今回は、塩海苔や焼き海苔などを加工・販売をする江頭一郎商店(佐賀県川副町)代表の下村敬一郎さん(52歳)を取材した。下村さんは、佐賀県で塩海苔加工所を長年営んでいた海苔師・江頭一郎氏(故人、2012年、83歳で死去)の後を継いで、2015年から江頭一郎商店を営む。
同店は、江頭氏の死去でいったんは廃業となった。後継者がいなかったためだ。だが、下村さんは叔父である一郎の「美味しい佐賀海苔を食卓へ」の思いを受け継ぐために、金融機関から準備資金を借り入れ、店を復活させた。
この5年間、家族や親せきの力を合わせ、全国に独自の販売網をつくるなどして、経営に果敢に挑んできた。経営のモットーは、「大企業が参入できないような商品で、オリジナルの海苔加工品や米などの商品を作り、ファンを少しずつ獲得すること」だ。たとえば、塩海苔は佐賀県の素材のみでつくっている。
2017年からは、農業(下村ファーム)を営む弟と米や菜種油を共同でつくり、佐賀産としてのこだわりを感じさせる商品にしている。最近は息子を後継者として育成し、次世代に経営をつなぐ試みもする。
江頭一郎さんは、下村さんの妻の叔父だった。夫婦で江頭さんの海苔師としての仕事の誠実でありながらも、厳しい姿勢をそばで見てきた。機会あるごとに、生き方についても教わってきた。亡くなった後、地域の人びとから「江頭一郎商店を復活してほしい」と頼まれた。妻や息子、親戚らと話し合い、経営のリスクを冒してでも、伝統を受け継ぐことが大切と考えた。
下村さんにとって、「使えない上司・部下」とは…。
自分の可能性を信じ、ひたむきに生きていく
「使える、使えない」といった言葉は、もちろん聞いたことがあります。私も20代の頃、友人とパブを共同経営していた際に「あの従業員は戦力になるね」といった意味合いで時々、口にしたことがあります。そこには、10人程の従業員がいました。
皆さんが仕事をまじめにしてくれていましたが、私ともう一人の経営者は、私情をはさまずに黙々と仕事をするタイプを特に高く評価していました。観察していると、こういうタイプは得てして仕事をきちんと覚え、伸びていく傾向があります。
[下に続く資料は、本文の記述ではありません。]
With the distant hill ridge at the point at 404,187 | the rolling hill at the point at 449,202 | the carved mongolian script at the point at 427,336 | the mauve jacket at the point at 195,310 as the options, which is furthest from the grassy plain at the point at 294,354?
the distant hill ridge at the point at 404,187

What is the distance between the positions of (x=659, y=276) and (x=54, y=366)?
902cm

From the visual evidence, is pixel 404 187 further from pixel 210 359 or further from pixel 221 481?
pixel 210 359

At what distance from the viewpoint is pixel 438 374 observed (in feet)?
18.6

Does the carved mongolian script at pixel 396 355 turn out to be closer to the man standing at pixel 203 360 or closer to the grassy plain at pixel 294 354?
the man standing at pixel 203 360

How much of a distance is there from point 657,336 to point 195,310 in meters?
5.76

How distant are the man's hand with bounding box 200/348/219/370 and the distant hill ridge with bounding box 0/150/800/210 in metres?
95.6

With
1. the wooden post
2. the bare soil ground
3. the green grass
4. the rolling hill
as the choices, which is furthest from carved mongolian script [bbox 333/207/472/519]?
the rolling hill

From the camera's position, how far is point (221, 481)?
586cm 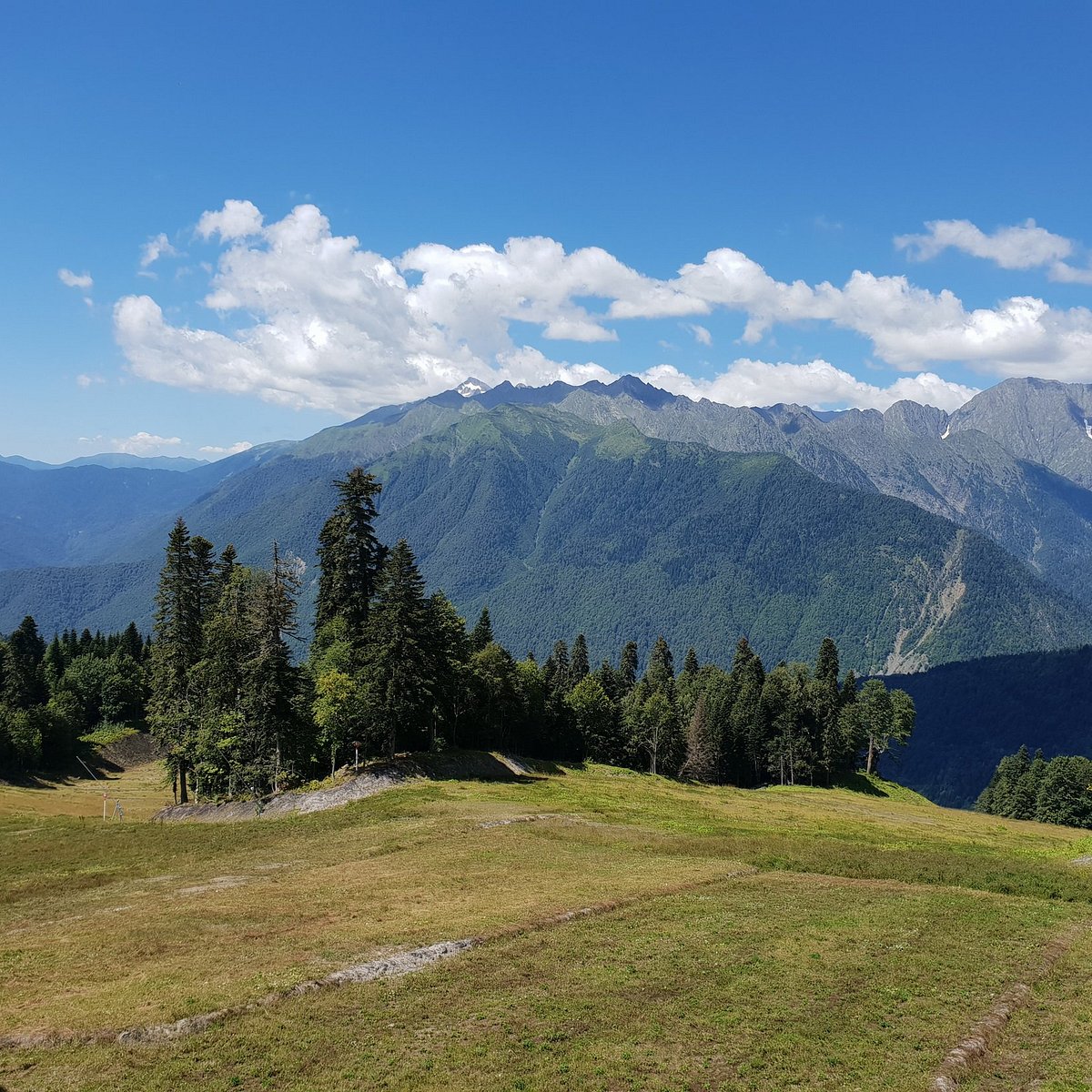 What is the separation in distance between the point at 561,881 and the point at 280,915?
13.6 m

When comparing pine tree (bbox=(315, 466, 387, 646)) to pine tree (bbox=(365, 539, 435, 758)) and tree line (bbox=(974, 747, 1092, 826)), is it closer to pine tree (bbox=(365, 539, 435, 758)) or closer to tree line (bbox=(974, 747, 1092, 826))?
pine tree (bbox=(365, 539, 435, 758))

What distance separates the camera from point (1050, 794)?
133 meters

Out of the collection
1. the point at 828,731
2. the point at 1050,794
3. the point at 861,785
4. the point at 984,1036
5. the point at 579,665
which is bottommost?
the point at 1050,794

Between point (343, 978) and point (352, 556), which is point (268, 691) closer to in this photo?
point (352, 556)

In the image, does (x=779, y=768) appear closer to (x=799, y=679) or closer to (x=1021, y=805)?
(x=799, y=679)

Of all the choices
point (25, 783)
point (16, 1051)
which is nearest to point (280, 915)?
point (16, 1051)

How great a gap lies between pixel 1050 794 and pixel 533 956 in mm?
→ 136464

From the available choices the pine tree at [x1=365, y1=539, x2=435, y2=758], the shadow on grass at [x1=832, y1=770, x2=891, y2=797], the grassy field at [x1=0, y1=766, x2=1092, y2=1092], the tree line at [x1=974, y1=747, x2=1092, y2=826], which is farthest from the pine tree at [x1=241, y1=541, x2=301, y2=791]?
the tree line at [x1=974, y1=747, x2=1092, y2=826]

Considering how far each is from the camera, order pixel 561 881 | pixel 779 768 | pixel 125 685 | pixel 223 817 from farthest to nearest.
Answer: pixel 125 685 → pixel 779 768 → pixel 223 817 → pixel 561 881

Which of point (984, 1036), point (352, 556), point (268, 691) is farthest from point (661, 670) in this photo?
point (984, 1036)

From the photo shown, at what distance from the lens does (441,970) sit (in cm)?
2805

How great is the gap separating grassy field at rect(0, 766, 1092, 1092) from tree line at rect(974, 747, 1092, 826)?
314ft

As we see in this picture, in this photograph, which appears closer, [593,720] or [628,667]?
[593,720]

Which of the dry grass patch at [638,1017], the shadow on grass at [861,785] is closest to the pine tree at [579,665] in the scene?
the shadow on grass at [861,785] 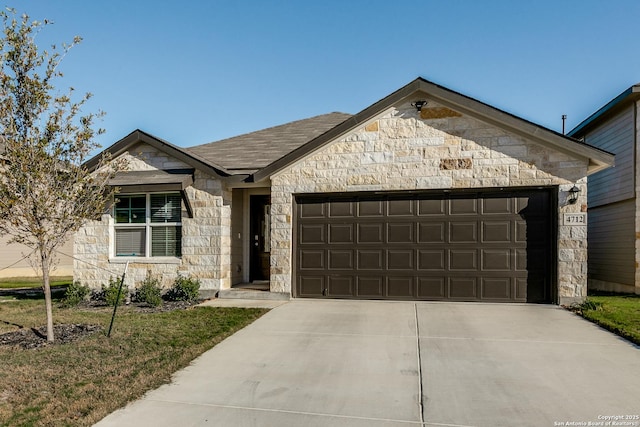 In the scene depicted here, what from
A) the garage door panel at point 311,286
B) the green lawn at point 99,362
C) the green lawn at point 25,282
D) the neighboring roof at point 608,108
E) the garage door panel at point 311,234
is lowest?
the green lawn at point 25,282

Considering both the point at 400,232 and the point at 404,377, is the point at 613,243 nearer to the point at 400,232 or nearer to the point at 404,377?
the point at 400,232

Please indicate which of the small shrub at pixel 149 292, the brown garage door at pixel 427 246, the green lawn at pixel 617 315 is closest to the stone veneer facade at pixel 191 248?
the small shrub at pixel 149 292

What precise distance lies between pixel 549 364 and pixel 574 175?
5077 mm

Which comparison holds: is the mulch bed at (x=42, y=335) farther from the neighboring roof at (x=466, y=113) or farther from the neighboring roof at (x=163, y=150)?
the neighboring roof at (x=466, y=113)

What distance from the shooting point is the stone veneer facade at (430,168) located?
26.9 ft

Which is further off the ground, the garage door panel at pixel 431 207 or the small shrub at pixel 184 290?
the garage door panel at pixel 431 207

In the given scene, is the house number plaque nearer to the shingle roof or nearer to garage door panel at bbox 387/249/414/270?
garage door panel at bbox 387/249/414/270

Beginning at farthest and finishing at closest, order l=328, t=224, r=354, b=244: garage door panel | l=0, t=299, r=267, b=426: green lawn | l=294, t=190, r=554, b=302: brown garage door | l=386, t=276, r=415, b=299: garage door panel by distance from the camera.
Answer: l=328, t=224, r=354, b=244: garage door panel
l=386, t=276, r=415, b=299: garage door panel
l=294, t=190, r=554, b=302: brown garage door
l=0, t=299, r=267, b=426: green lawn

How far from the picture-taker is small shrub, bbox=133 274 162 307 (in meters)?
8.82

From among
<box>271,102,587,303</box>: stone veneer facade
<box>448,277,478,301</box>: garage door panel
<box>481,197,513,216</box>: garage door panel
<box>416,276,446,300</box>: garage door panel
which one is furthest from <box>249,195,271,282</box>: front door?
<box>481,197,513,216</box>: garage door panel

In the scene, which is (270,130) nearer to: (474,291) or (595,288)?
(474,291)

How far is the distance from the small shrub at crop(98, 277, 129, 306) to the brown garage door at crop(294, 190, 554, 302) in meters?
4.25

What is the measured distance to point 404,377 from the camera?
4348 millimetres

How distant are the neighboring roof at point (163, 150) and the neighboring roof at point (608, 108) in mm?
10590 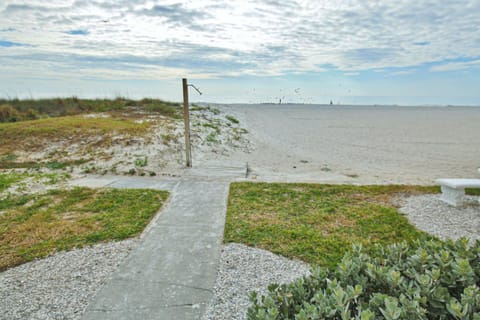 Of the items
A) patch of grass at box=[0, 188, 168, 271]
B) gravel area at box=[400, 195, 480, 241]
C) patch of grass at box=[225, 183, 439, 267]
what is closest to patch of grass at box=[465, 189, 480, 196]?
gravel area at box=[400, 195, 480, 241]

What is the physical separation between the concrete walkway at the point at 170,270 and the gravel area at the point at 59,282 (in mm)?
172

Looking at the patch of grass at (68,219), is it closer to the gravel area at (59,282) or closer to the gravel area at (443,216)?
the gravel area at (59,282)

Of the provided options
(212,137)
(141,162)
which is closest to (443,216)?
(141,162)

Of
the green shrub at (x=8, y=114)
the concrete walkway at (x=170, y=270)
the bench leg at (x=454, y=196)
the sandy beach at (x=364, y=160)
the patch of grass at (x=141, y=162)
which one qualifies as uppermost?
the green shrub at (x=8, y=114)

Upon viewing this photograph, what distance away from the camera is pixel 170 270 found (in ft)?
11.4

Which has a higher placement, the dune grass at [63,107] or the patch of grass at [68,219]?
the dune grass at [63,107]

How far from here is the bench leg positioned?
18.3ft

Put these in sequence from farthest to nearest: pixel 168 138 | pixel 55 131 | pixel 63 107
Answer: pixel 63 107
pixel 55 131
pixel 168 138

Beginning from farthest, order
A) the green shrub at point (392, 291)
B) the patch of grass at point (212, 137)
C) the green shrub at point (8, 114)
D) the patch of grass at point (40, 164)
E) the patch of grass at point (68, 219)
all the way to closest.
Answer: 1. the green shrub at point (8, 114)
2. the patch of grass at point (212, 137)
3. the patch of grass at point (40, 164)
4. the patch of grass at point (68, 219)
5. the green shrub at point (392, 291)

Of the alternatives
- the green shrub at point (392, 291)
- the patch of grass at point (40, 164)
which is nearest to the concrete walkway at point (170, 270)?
the green shrub at point (392, 291)

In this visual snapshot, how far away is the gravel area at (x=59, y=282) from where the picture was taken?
2.85 metres

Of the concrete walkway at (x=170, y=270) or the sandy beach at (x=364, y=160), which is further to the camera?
the sandy beach at (x=364, y=160)

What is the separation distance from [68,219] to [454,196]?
7140 mm

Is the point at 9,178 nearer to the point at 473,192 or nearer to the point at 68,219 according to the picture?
the point at 68,219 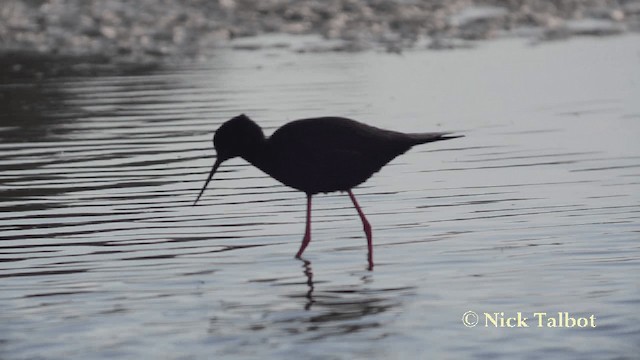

この場合の「私情をはさむ」とは、たとえば、「私はこういう性格だから、こんな仕事はできない」と言うようなものです。つまり、割り切りができないタイプですね。自分が置かれている状況やプライベートを必要以上に見せずに、黙々と仕事をする人はいずれ伸びていく傾向があると私は思っています。
「使える」という点で最も印象に強く印象に残っているのは、前職がガソリンスタンドでアルバイトをしていた男性です。私たちの店に勤務しながらも、「ここで、自分は終わらない。いずれは、店を持ちたい」といった思いを強く持っていたようです。自分の可能性をどこまでも信じるタイプに見えました。
接客が上手いとは言えない時期もありましたが、仕事を覚える意欲があり、向上心があるのです。当時、彼は自分が何をして生きていくのか、を見つけ出すことができていなかったのかもしれませんが、「いずれ、成功したい」と信じているようでした。早いうちにお客さんたちから愛され、人気者になりました。働く以上、様々な思いがあったのでしょうが、私情をはさまず、常にお客さんや店のことを考え、行動をしているようでした。
彼も20代で独立し、パブを経営し始めたのです。周囲の同業者が次々と閉店や廃業する中、20年以上も続き、多くのお客さんに慕われたのだと思います。その後、地元の市議会の議員に立候補し、当選し、現在も活躍しています。私情をはさむことなく、仕事を黙々とする性格だから、向いているのではないでしょうか。彼の生き方から、私が学ぶものもありました。自分の可能性を信じ、ひたむきに生きていくのが大切なのだとあらためて思います。